Yes, the box doubles as a sturdy and reliable carrying case (without the extra expense). It really is quite impressive how the box itself is built like a Russian tank, much like the mouse itself.
But I digress...
Once you’ve got it out of the box, Corsair provides a nice little manual to help you get to know the Scimitar Pro and introduce you to the Corsair Utility Engine (CUE) software system. If you’ve used a Corsair mouse (or keyboard) in the past (like the M65 Pro RGB or Scimitar RGB), then you’re probably already familiar with CUE. If not, CUE is essentially a standard piece of software that allows users to synchronize programming across Corsair devices and peripheral profiles for a single user.
If this is your first Corsair product, take note: You will have to download and install CUE to get the most out of the Scimitar Pro. The downside is that there is no prompt to download the software, and you’ll have to manually visit the Corsair Downloads Page to get it. The other downside is that CUE isn’t 100 percent user-friendly or intuitive, so it may take a little extra fiddling for new users to feel everything out.
But the upside is tremendous -- and where Corsair really shines in the realm of peripheral customization.
What CUE Does for You
The Scimitar Pro is plug and play, but seeing as the Pro’s three built-in profiles aren’t particularly the best options this mouse has to offer, you’re going to want to use CUE to take advantage of the Pro’s hella precise hardware playback. This software allows you to fully customize all of the Pro’s 17 buttons, including the 12 optimized mechanical side buttons for which you're going to get some bookoo bang for your buck. It only takes about 5 minutes to download, install and start using the CUE software to tinker with the Pro’s robust profiles editor.

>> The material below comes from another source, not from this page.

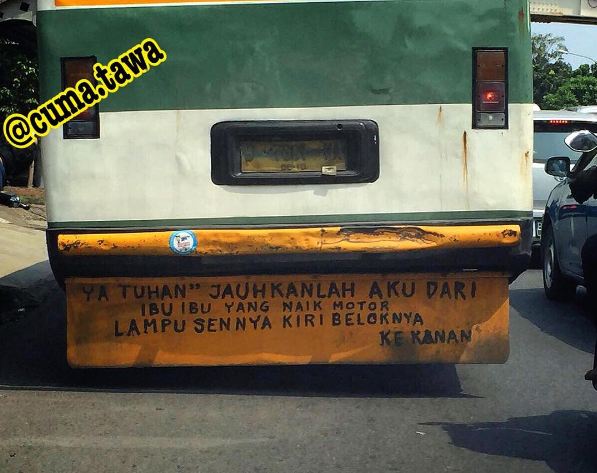 meme kopaja ini kocak abis © 2016 brilio.net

What’s more, CUE is where you can customize the color scheme for the powerful LEDs inside the Scimitar Pro that give this beauty its full-spectrum-color look. From static to pulsating to rainbow and color shift, you’ve got control over the exact color pattern of your mouse from stem to stern. You can dictate the speed at which colors rotate and pulsate and even use static color.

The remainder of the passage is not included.